Unlike other through-the-wall systems which must be placed in direct contact with
or in close proximity to a wall, AKELA’s ASTIR3300 provides the ability to place
the system at standoff distances of up to 30 meters. This increase in standoff
distance significantly increases the likelihood of keeping the system operator out
of harm’s way. Additionally, the increased standoff distance provides a wider
viewing angle and allows for detections on multi-level structures from a single
position.
The ability to detect and locate stationary and moving individuals through building
walls from significant standoff distances provides increased situational
awareness and considerable tactical advantage to law enforcement personnel.

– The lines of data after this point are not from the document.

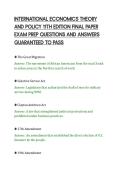 INTERNATIONAL ECONOMICS THEORY&NewLine;AND POLICY 11TH EDITION FINAL PAPER&NewLine;EXAM PREP QUESTIONS AND ANSWERS&NewLine;GUARANTEED TO PASS&NewLine;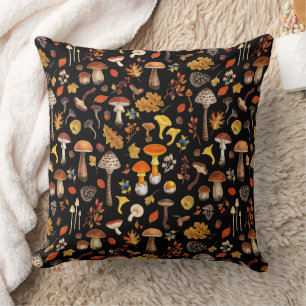 Wild mushrooms on black cushion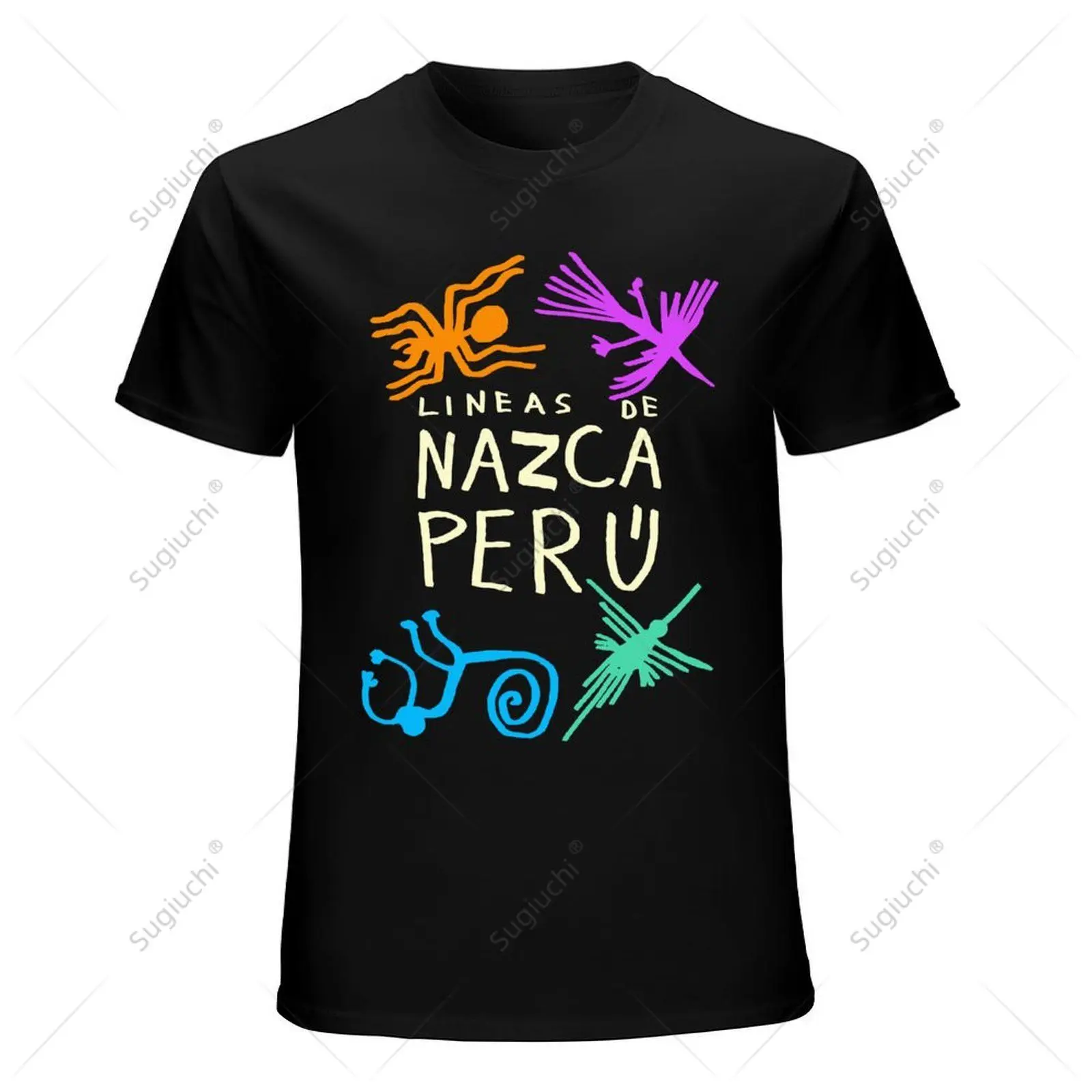 Unisex peruano linho De Nazca t-shirt, 100% algodão Tees para homens e mulheres, meninos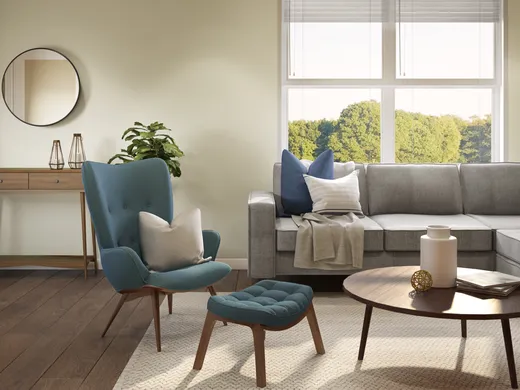 Living Room · Midcentury Modern designed by Allison
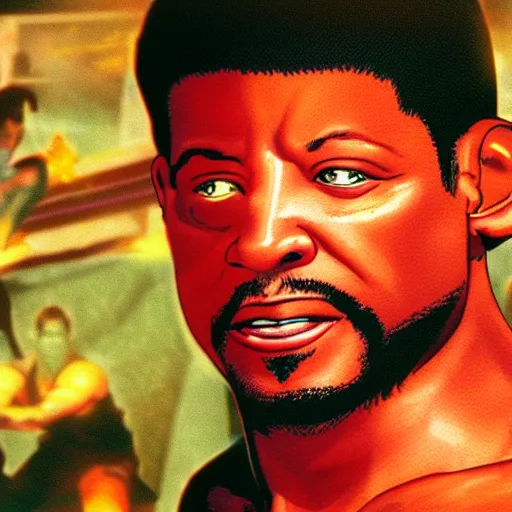 Image similar to portrait of forest whitaker in double dragon video game splash screen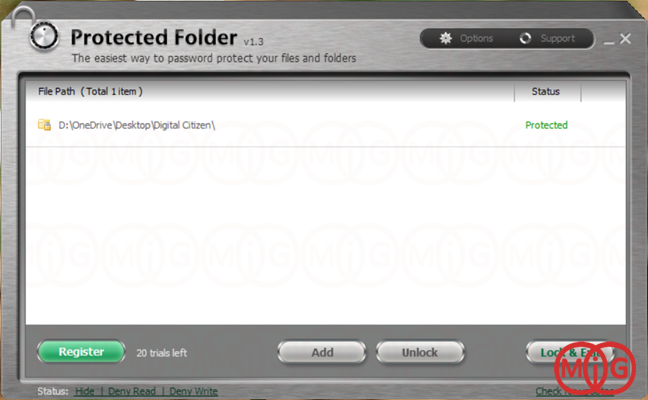 برنامه Protected Folder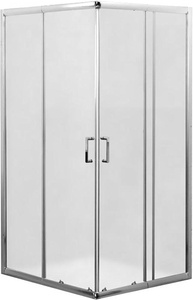 Душевой уголок 1000(850-1000)х1000(850-1000)хh1900мм, сдвижные двери, квадрат, (стекло матовое 5мм, фурн.цв.хром), Unique ZZ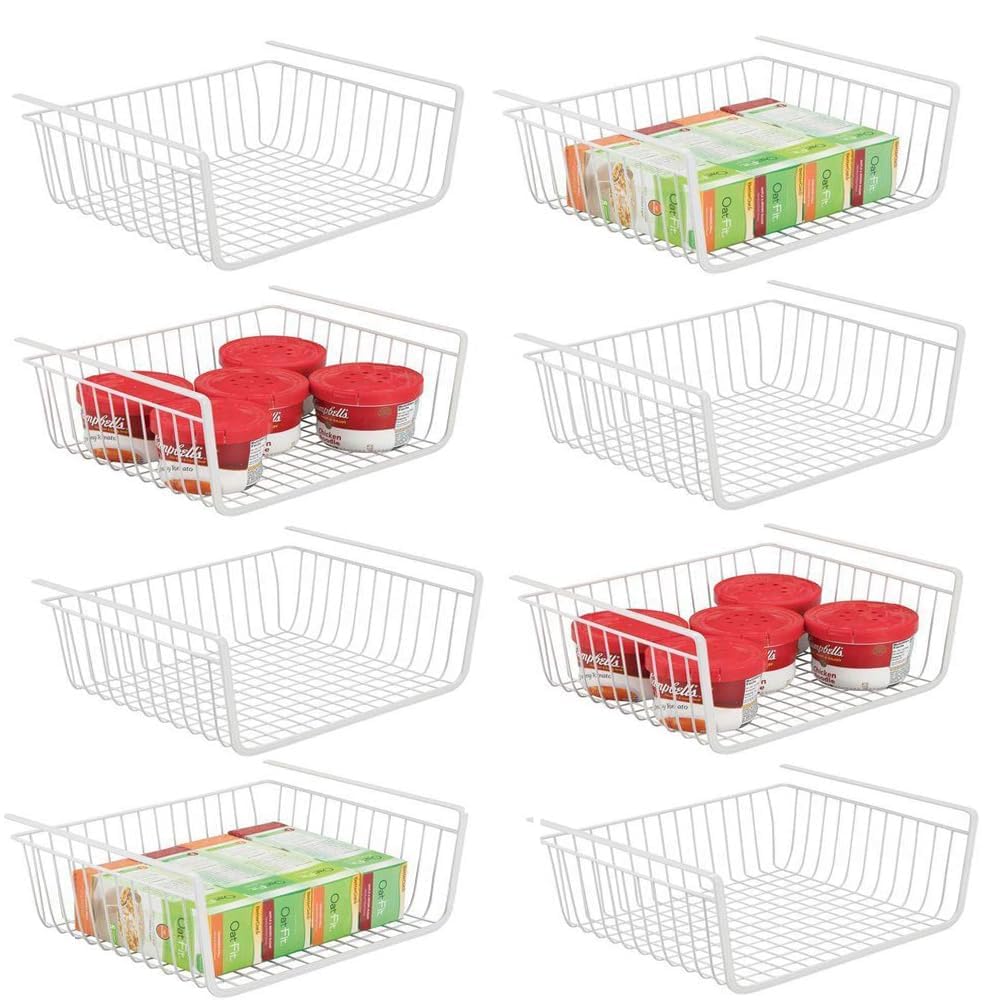 Photo 1 of Ankuce 8 PACK Hanging Under Shelf Storage Basket Kitchen Cabinet Organizer Storage, Slides Under Wire Shelves for Counter Pantry Desk Bookshelf, White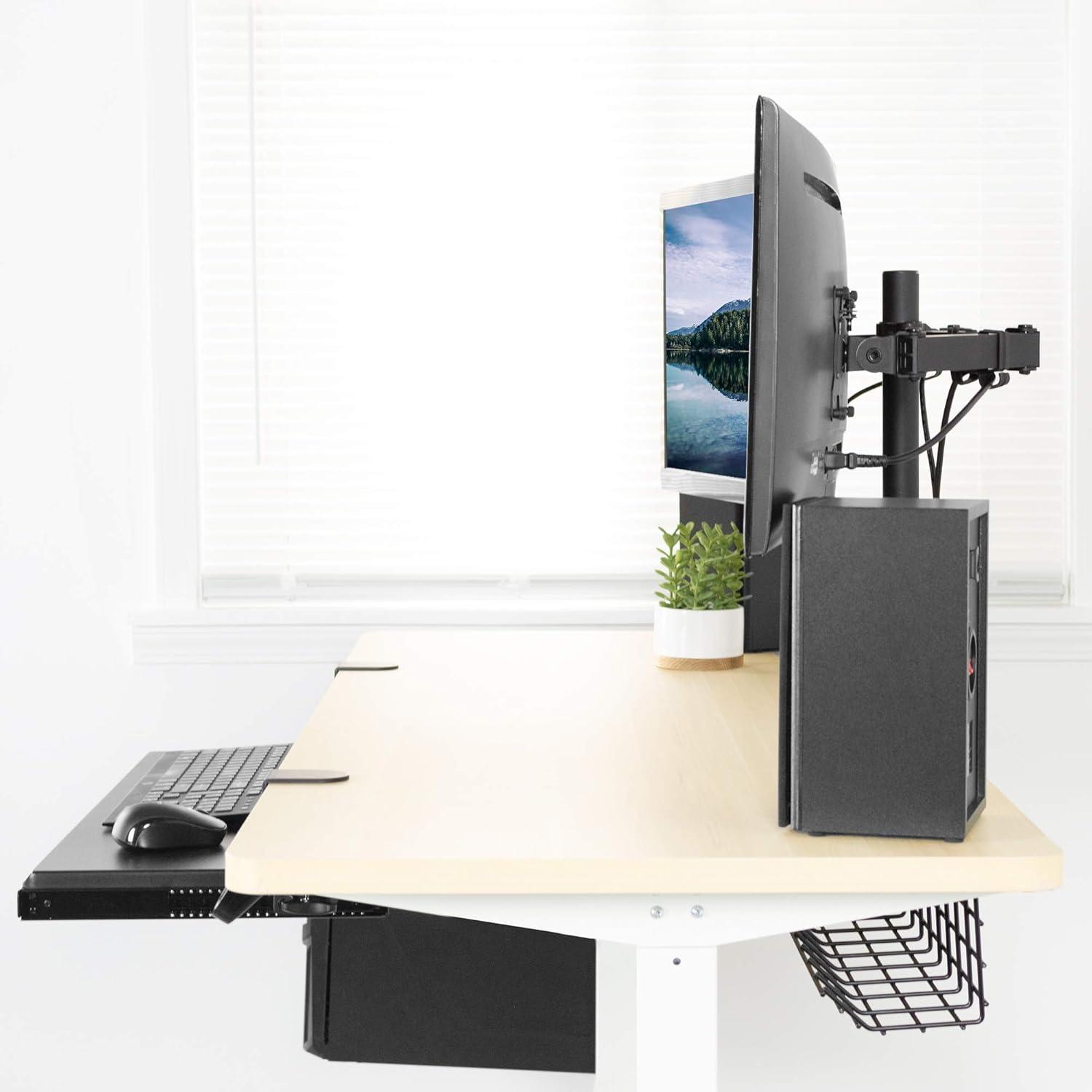 Elegant White Electric Adjustable Standing Desk Frame, Dual Motor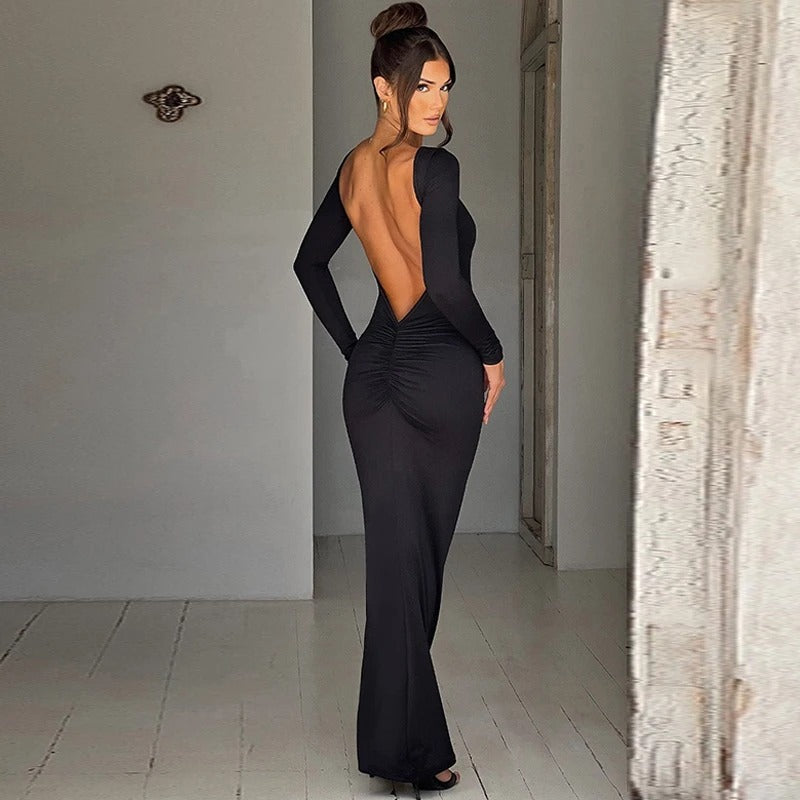Elegant Backless Maxi Dress – Long Sleeve Evening Gown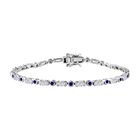 Weißer Zirkon, Tansanit Armband ca. 20 cm 925 Silber rhodiniert ca. 7,10 ct.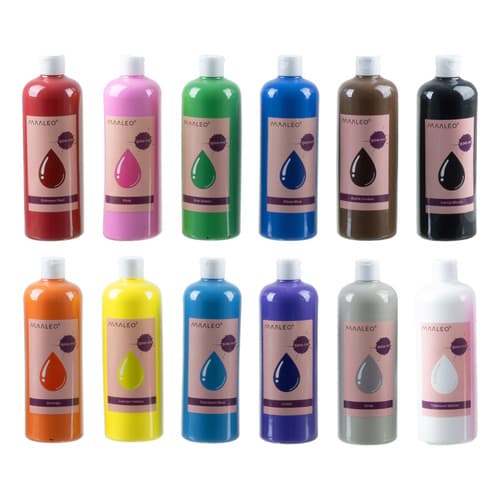 Plakatmalingssæt – 12 farver, 500 ml hver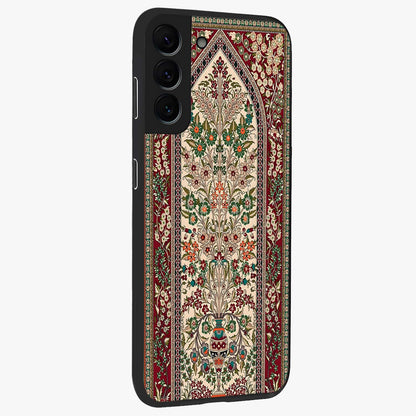 Persian Inspired Glass Case upright view showcasing decorative Persian artwork with rich heritage theme.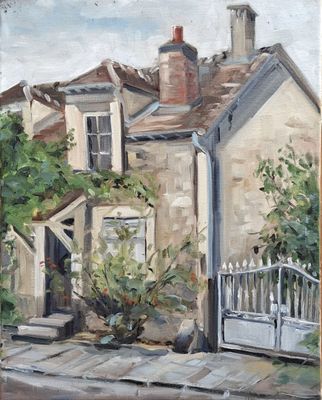 an oil painting of a house with a gate in front of it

The knowledge of whether there is someone inside a building, their location, and
the internal layout of the building, can completely change the operational tactics
used, and thereby increase the probability that an operation will successfully
conclude without harm to law enforcement personnel, safety personnel, and the
public.
ASTIR3300’s packaging is shown in the figure below. The small, lightweight case
has dimensions of 20 x 17 x 9 inches, and weighs 17.7 lbs. The ASTIR3300 is
deployed by placing the system in front of a building on a stationary object such
as a tripod, table, or vehicle roof, and orienting the system towards the area of
interest. The system is controlled by software running on a computer or laptop
connected to the ASTIR3300 through a wired connection.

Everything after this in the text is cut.